Sponsored By

Featured Blog | This community-written post highlights the best of what the game industry has to offer. Read more like it on the Game Developer Blogs.

Rami Ismail, half of Dutch independent studio Vlambeer, has been traveling around the world speaking in emerging territories. One of the things he kept noticing is the language barrier. As a half-Arab, he wanted to discuss the privilege of English.

Rami Ismail, Blogger

May 9, 2014

4 Min Read

That header is what English looks like to a large part of the Western world, including people in Western and Eastern Europe, parts of South America, Middle and Southern Africa.

أي وانت اى لتل مومنت ستاند ستيل بي ذي فقط ذات انجلش سبيكنغ اى إنرمس ادفانتج جفي إن ذيس ورلد

That's what English looks like to a large part of the rest of the world, including North Africa, the Middle East, Eastern Europe and Asia. It's not even Arabic - it's English rendered in Arabic glyphs. If an Arab would read this to you, to you it'd sound pretty close to that title of the article, but to an Arab that doesn't know English it'd mean absolutely nothing.

According to 2010 figures, the internet as a resource features a staggering 80% of pages using the Latin alphabet, and 50% of the entire internet is in English. The second-largest language using the Latin alphabet is German, at approximately 6% of the internet. The four largest non-Latin alphabets, Chinese, Japanese, Arabic and Russian, represent about 15% of the internet.

Just the fact that you're reading this post suggests you read English, so you have full access to 50% of the internet and indirect access to 80% of it. Direct access mean you can understand the text on the page, and indirect access means you do not have to use a translation service or alternative keyboard to be able to search for words on a website in that language. You have severely limited access to about 20% of the internet, because you simply can't search for a word that uses a different alphabet without using a transliteration service.

For a German, 6% of the internet is directly accessible, 50% of the internet requires learning English and 20% of the internet requires using or learning a new alphabet. For an Arab, less than 1% of the internet is directly accessible, 50% of the internet requires learning English and 80% of the internet requires using or learning a new alphabet.

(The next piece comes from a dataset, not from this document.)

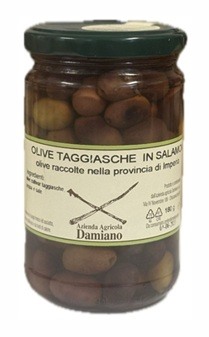 Taggiasche Olives in Brine Damiano 180g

Our industry basically supports two major languages: English and Japanese, but English is spoken pretty much everywhere around the world. In many ways, English is the lingua franca of our modern society. Whether it's because of the colonial past of the British Empire or America's central position in the world economy the past decades, speaking English is a major advantage in the world of gaming.

As a half-Arab, I want to take a moment to consider the effects that has on our industry. Even our most inclusive efforts tend to exclude those that do not speak English, incapable of learning it for any reason, or that have the added disadvantage of using a different alphabet. It's the purely English content of most of our talks at conferences, but also the fact that most chatrooms and forums simply do not allow any conversation in languages other than English. Bad grammar is frowned upon, eloquence in the language is considered a sign of professionalism and your ability to speak at events, gain any press traction or make any useful contacts is directly correlated to your knowledge of the language.

Most programming languages are English, programming tutorials are English, keyboards are in English, URLs have traditionally been in the Latin alphabet, and the default unicode set doesn't include most non-Latin alphabets. To drive the point home even further: design tools like Twine 2.0 -a tool famed for its amazing empowering properties- do not actually support non-Latin properly by default. Again, using Arabic as example, when I try and insert that phonetic line from earlier into Twine 2.0, I get the following:

You likely can't tell what's wrong, though, because you don't know this alphabet. Scroll back up a little bit to see what it should've looked like. If they look alike, your browser itself doesn't support showing Arabic correctly. If they look different, that's because somebody working on Twine 2.0 didn't check the extended font rendering or is using a font not capable of displaying the glyphs properly. These glyphs should've been connected in a very specific way, something even multi-million dollar AAA games that spend weeks on making realistic trees do manage to mess up.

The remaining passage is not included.